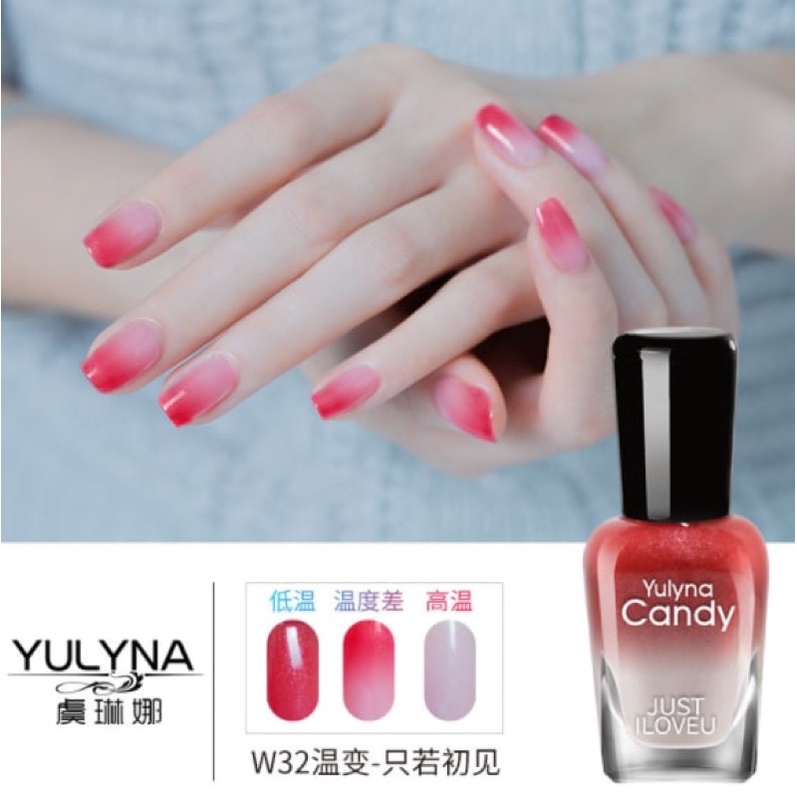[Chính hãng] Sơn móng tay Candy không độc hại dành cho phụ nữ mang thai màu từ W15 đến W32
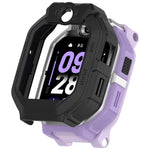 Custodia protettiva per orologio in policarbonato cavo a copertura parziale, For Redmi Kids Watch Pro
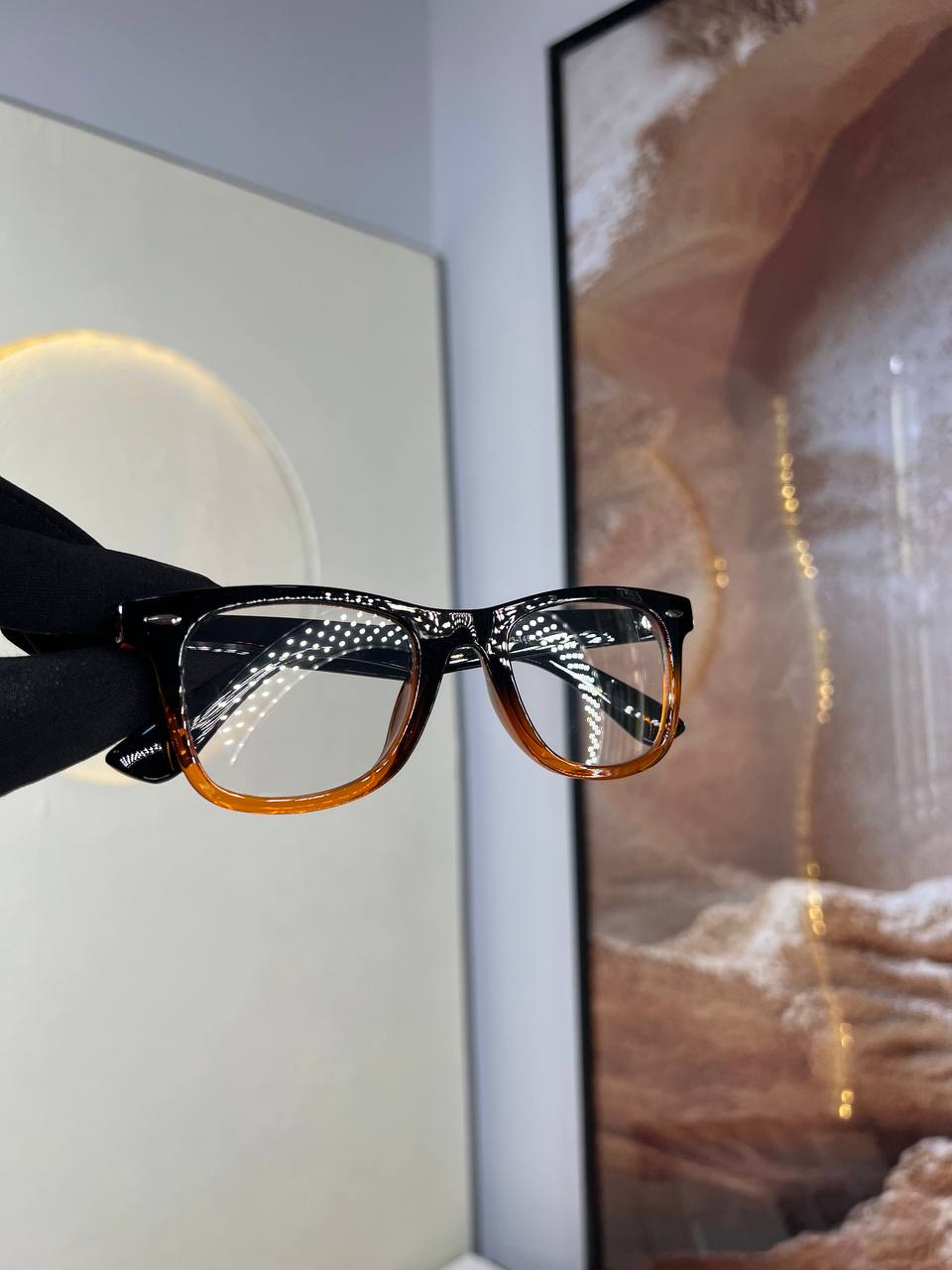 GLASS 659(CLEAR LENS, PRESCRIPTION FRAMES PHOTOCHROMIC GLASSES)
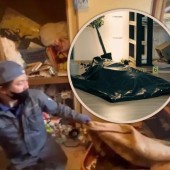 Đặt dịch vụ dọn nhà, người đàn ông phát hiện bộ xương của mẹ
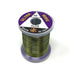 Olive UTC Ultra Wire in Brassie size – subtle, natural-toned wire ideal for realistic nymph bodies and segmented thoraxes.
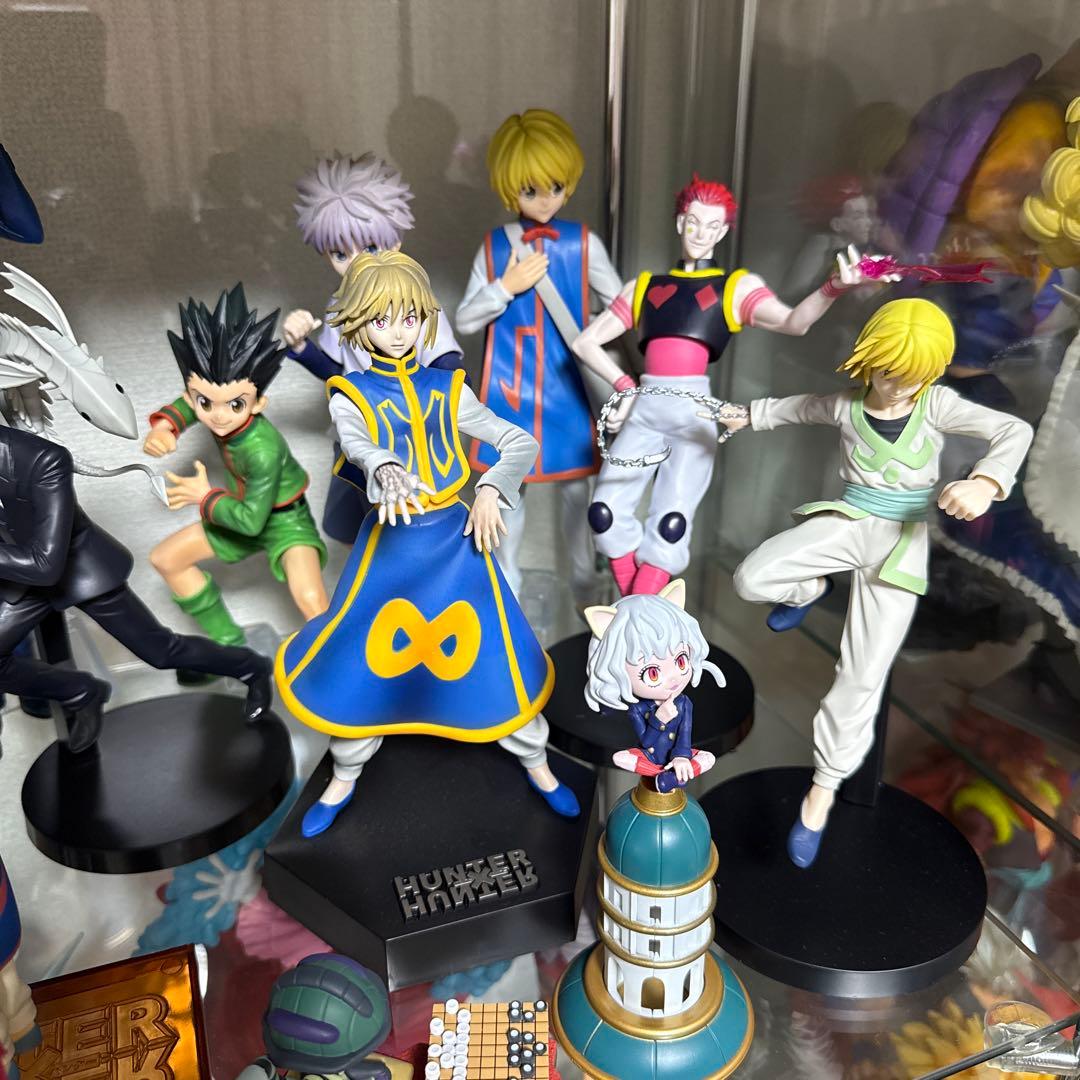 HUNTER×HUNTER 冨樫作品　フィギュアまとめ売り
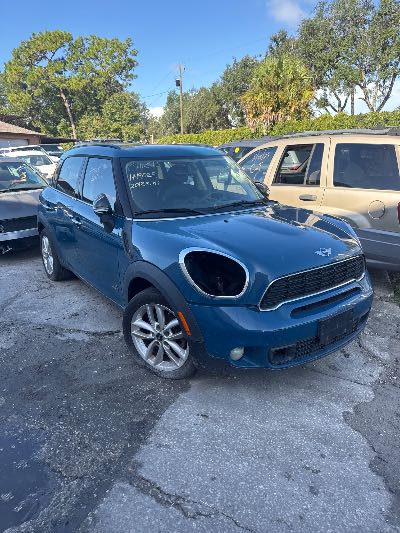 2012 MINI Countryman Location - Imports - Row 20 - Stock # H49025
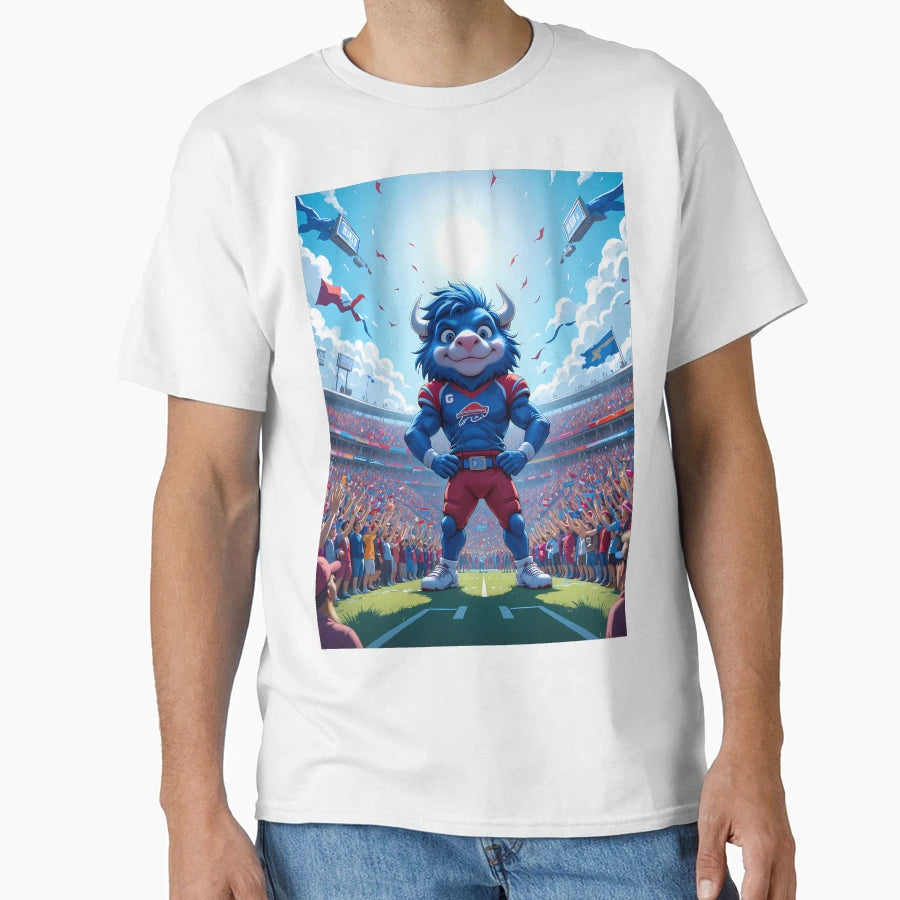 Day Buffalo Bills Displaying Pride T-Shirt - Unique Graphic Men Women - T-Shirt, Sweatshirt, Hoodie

- Your objective:
Leave the pictures out and output the rest of the data word for word.

- Reply to the task:
[Chính hãng] Sơn móng tay Candy không độc hại dành cho phụ nữ mang thai màu từ W15 đến W32
 Custodia protettiva per orologio in policarbonato cavo a copertura parziale, For Redmi Kids Watch Pro
 GLASS 659(CLEAR LENS, PRESCRIPTION FRAMES PHOTOCHROMIC GLASSES)
 Đặt dịch vụ dọn nhà, người đàn ông phát hiện bộ xương của mẹ
 Olive UTC Ultra Wire in Brassie size – subtle, natural-toned wire ideal for realistic nymph bodies and segmented thoraxes.
 HUNTER×HUNTER 冨樫作品　フィギュアまとめ売り
 2012 MINI Countryman Location - Imports - Row 20 - Stock # H49025
 Day Buffalo Bills Displaying Pride T-Shirt - Unique Graphic Men Women - T-Shirt, Sweatshirt, Hoodie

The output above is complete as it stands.